Global Health, International Political Economy, Global and Transnational Sociology, Development, Comparative Historical Sociology, International Organizations, Social Theory

Biography

Nitsan Chorev is the Harmon Family Professor of Sociology and International Studies at Brown University. She was a Member at the Institute for Advanced Study in Princeton, Fellow at the Woodrow Wilson International Center for Scholars, and a Global Fellow at the UCLA International Institute. She specializes in the politics of globalization and neoliberalism, global health and foreign aid. She  teaches on development, global and transnational sociology, comparative historical sociology, classical social theory, and contemporary social theory.

Her first book, Remaking U.S. Trade Policy: From Protectionism to Globalization (Cornell University Press, 2007), looks at the globalization as a political, rather than a merely economic, project and investigates what political conditions made globalization possible. The book offers a political history of trade liberalization in the United States and at the GATT (later, the WTO) from the 1930s to the 2000s by tracing the political struggles and institutional transformations that allowed supporters of liberal trade to successfully win free-trade policies against what was initially an influential protectionist opposition. The book won the ASA Political Economy of the World-Systems book award.

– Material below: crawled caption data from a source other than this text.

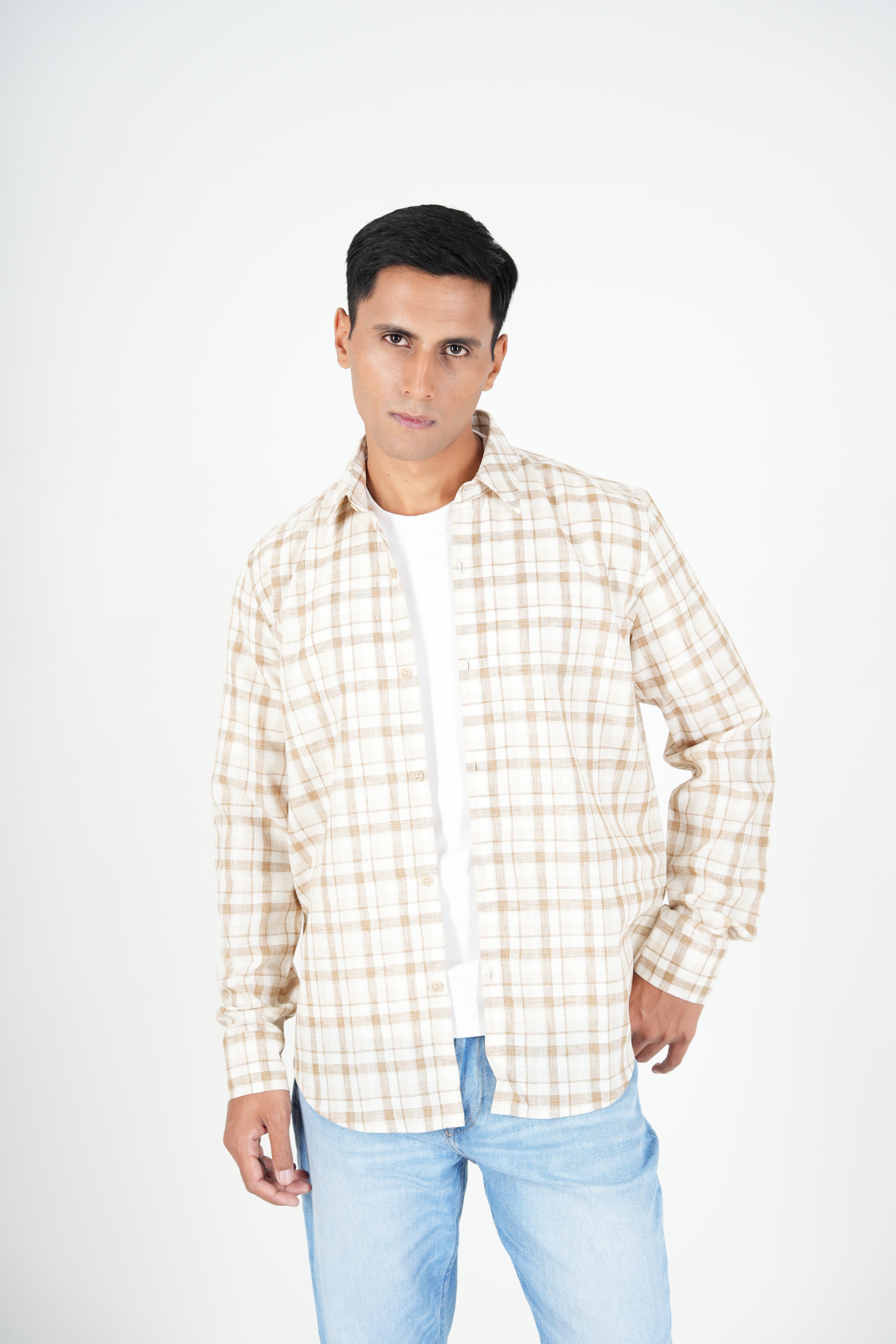 Beige Flannel Shirt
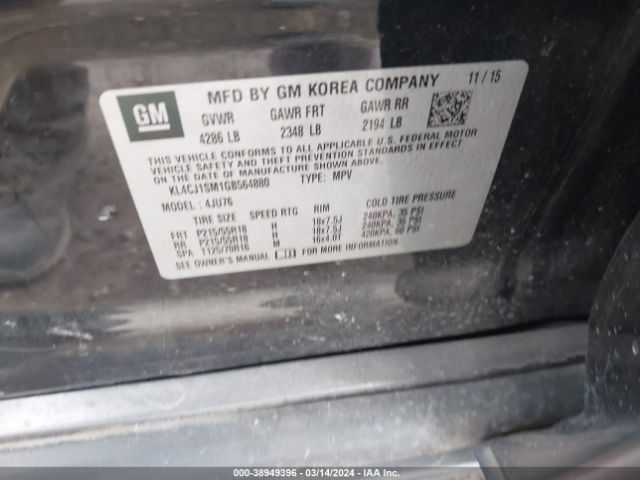 KL4CJ1SM1GB564880 Buick Encore Sport Touring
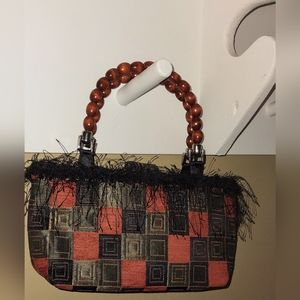 Copper & Black Fringe Handbag w/ Wooden Handles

Her second book, The World Health Organization between North and South (Cornell University Press, 2012) looks at the transformation of international health policies from the 1970s to the present. The book investigates how the WHO bureaucracy was able to transcend political turbulence and avoid having its agenda co-opted either by the small minority of wealthy nations, who fund the organization, or by poor nations, who hold the majority of votes, through astute strategies of reframing countries' demands before responding to them. The book shows that through such strategies the WHO bureaucracy was able not only to reach consensus among member states but also to reach agreements that fit the bureaucracy's own principles and interests. The book assesses the response of the WHO bureaucracy to member-states' pressure during two particularly contentious moments. The first occurred in the 1970s-1980s, when developing countries – angered by the deepening gap between the haves and the have-nots – called for a more equal international economic order. The second, which started in the late 1990s, involved WHO's efforts to adjust to neoliberal policies in the United States and other wealthy countries that affected the amount of money they were prepared to give to global causes and the types of programs they were willing to fund.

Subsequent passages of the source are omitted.